Data to examine:
::::::

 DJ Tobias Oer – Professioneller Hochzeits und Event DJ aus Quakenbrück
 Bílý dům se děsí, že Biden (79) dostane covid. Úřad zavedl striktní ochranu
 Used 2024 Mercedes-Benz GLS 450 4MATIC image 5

::::::

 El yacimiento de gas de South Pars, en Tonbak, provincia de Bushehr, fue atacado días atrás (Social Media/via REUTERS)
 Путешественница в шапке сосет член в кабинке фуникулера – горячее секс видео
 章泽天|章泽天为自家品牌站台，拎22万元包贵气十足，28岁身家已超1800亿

::::::

What you will do: Using the entries above, give back exactly the line containing "Bílý dům se", the line containing "Used 2024 Mercedes-Benz", and every line between them, and nothing else.

Solution:
 Bílý dům se děsí, že Biden (79) dostane covid. Úřad zavedl striktní ochranu
 Used 2024 Mercedes-Benz GLS 450 4MATIC image 5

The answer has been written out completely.